Na manhã desta quarta-feira, milhares de paulistanos que dependem da Linha 9-Esmeralda, operada pela ViaMobilidade, reviveram o pesadelo do transporte público ineficiente. Uma pane elétrica de grandes proporções paralisou parte do ramal, transformando estações movimentadas em verdadeiros currais humanos e deixando o trabalhador sem rumo.
A ENGRENAGEM DA FALHA: O problema começou logo nas primeiras horas de operação na rede de energia. De acordo com informações oficiais, uma falha elétrica forçou os trens a operarem em via única no trecho crítico entre as estações Villa-Lobos-Jaguaré e Morumbi.
Sem energia para rodar as duas linhas, o intervalo disparou e o fluxo virou um gargalo. A concessionária acionou os ônibus do sistema Paese, mas a quantidade de veículos na rua foi uma gota no oceano, diante da multidão que se espremia nas calçadas à espera de socorro.
VOZES E REVOLTA: Quem precisou fazer integração sentiu o golpe mais forte. Na estação Pinheiros, a falta de comunicação foi cruel: os passageiros que vinham da Linha 4-Amarela, só descobriam o caos quando davam de cara com as catracas bloqueadas e as plataformas completamente abarrotadas.

“Ninguém avisa nada lá dentro. A gente passa o bilhete, paga a tarifa e só descobre que está tudo parado quando já está preso na multidão”, desabafou um usuário indignado nas redes sociais. A espera para conseguir embarcar em um vagão passava facilmente dos trinta minutos de puro empurra-empurra.
DADOS OFICIAIS:
Multa Estimada: A concessionária acumula processos e pode enfrentar novas multas contratuais que superam R$ 4 milhões por panes severas.

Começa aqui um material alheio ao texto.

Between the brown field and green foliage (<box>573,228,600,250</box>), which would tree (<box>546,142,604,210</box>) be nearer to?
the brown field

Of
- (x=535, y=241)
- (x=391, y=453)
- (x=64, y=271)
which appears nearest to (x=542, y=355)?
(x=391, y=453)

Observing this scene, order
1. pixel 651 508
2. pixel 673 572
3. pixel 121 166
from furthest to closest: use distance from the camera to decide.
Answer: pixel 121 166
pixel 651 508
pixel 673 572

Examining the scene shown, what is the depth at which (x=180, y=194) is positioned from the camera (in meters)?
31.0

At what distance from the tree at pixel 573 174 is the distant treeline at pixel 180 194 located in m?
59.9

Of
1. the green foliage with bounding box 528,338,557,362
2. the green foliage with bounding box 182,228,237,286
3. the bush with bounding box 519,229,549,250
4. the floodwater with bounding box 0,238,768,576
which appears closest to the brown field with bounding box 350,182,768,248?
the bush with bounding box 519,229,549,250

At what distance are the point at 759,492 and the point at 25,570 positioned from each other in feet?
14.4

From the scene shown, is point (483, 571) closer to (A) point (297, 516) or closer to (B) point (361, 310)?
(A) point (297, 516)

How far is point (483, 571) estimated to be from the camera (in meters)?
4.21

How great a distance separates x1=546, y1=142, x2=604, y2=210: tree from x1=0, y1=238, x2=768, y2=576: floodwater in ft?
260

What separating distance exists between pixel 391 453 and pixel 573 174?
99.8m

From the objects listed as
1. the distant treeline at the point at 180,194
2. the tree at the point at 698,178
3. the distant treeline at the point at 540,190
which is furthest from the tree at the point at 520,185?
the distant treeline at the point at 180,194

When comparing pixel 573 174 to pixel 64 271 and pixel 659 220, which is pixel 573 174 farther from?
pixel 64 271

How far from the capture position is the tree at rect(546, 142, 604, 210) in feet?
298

Base Legal: Contrato de Concessão das Linhas 8 e 9 (Secretaria de Parcerias em Investimentos) e Artigo 22 do Código de Defesa do Consumidor (dever de fornecer serviços adequados e eficientes).

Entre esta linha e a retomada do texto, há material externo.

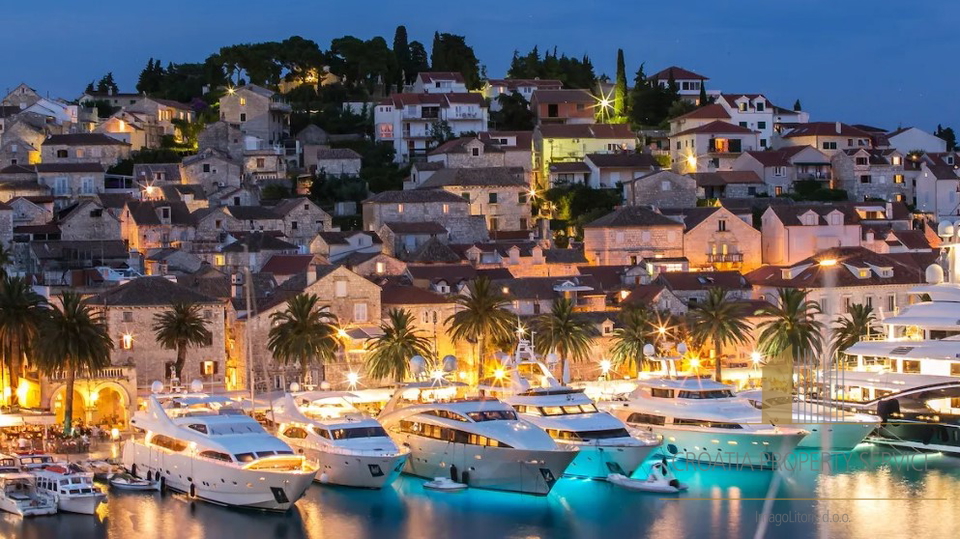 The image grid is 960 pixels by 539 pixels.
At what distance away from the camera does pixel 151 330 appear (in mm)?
62812

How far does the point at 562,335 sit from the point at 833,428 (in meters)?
12.8

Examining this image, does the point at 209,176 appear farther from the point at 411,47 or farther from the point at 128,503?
the point at 128,503

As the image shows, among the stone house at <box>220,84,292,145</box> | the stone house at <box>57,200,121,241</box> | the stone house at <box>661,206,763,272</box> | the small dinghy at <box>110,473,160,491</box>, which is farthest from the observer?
the stone house at <box>220,84,292,145</box>

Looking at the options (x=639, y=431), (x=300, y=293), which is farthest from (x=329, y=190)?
(x=639, y=431)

Localização do Caos: Trecho entre as estações Villa-Lobos-Jaguaré e Morumbi (Linha 9-Esmeralda).
Impacto Social: Perda de horas de trabalho, descontos no salário de quem não conseguiu chegar e estresse severo para o cidadão que já acorda cansado.
O RIGOR DA LEI: O paulistano não aguenta mais pagar tarifa cara para ser tratado como mercadoria de segunda classe. O contrato de concessão que entregou as linhas de trem para a iniciativa privada, prometia modernidade, mas o que se vê na prática é uma sequência de apagões, descarrilamentos e desculpas esfarrapadas.
É hora de o governo estadual agir com pulso firme e aplicar a lei com todo o seu peso. Se a empresa não tem capacidade técnica de operar o sistema de forma segura e digna, que sofra as punições previstas e perca a concessão. O suor de quem acorda às cinco da manhã para erguer esta cidade merece respeito.
AGORA A PERGUNTA QUE NÃO QUER CALAR:
Você acredita que o Governo de São Paulo, deveria romper definitivamente o contrato com a concessionária privada devido às recorrentes falhas, ou a aplicação de multas severas ainda é o caminho mais viável?